Cloud Research at Harvard

High Performance Cloud Computing

Our research at Harvard addresses the challenges of cloud systems for the efficient and scalable execution of large-scale compute- and data-intensive applications. Our research agenda is driven by the critical role large-scale computing and data processing will play in tomorrow’s society, research and business environments. Data is growing faster than ever before, more data has been created in the past two years than in the entire previous history. By the year 2020, our accumulated data will grow from 4.4 zettabytes today to around 44 zettabytes, we will have over 6.1 billion smartphone users globally and there will be over 50 billion connected IoT devices in the world, all developed to collect and share data. Our research group is extending the state of the art to achieve highly capable, robust, scalable cloud systems that are well suited to serving the infrastructure needs of large-scale computing anda data processing in an increasingly distributed world.

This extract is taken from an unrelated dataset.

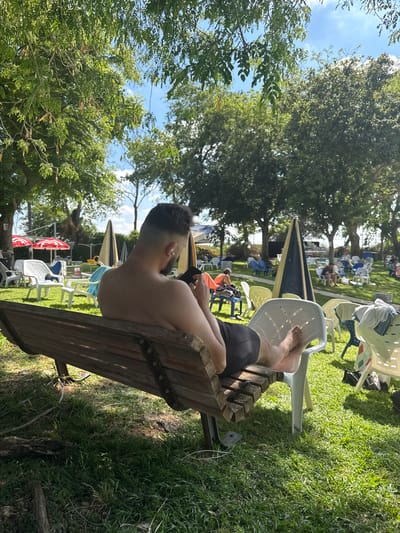 A man with short dark hair and an earring sits shirtless on a wooden park bench in Beit Yitzhak-Sha'ar Hefer, Israel, looking at his phone. He is wearing dark shorts and has white earbuds in his ears. His bare feet are visible. The bench is on a grassy area surrounded by trees. In the background, there are numerous white and blue chairs, some with towels draped over them, and several large, conical umbrellas. Red and white umbrellas are also visible. The sky is blue with some clouds. The scene appears to be a public outdoor area, possibly a park or a recreational facility.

Main research interests within the area of high-performance cloud computing includes:

Distributed and disaggregated cloud systems 

No matter how powerful individual computers, computing clusters or cloud providers become, there are still reasons to harness the power of multiple systems to fulfill the security, performance or cost needs of modern computing and data processing applications. One example is the use of hybrid cloud environments for the cost-effective execution of applications with variability of workload patterns. Other example is the use of multiple cloud systems spread across large geographic areas for the execution of highly responsive services, which require low latency, or edge computing analytics, which require processing of data where it is produced.

Data-centric cloud architectures 

The operation of very large volumes of data in order to get their insights in real time presents new challenges and opportunities for future cloud infrastructures. Addressing these needs requires a redesign of future cloud architectures and how they can interoperate to create distributed environments. This means a paradigm shift in cloud design from computational to data exploration that requires infrastructures to be data-centric in order to minimize data movement by bringing compute to data.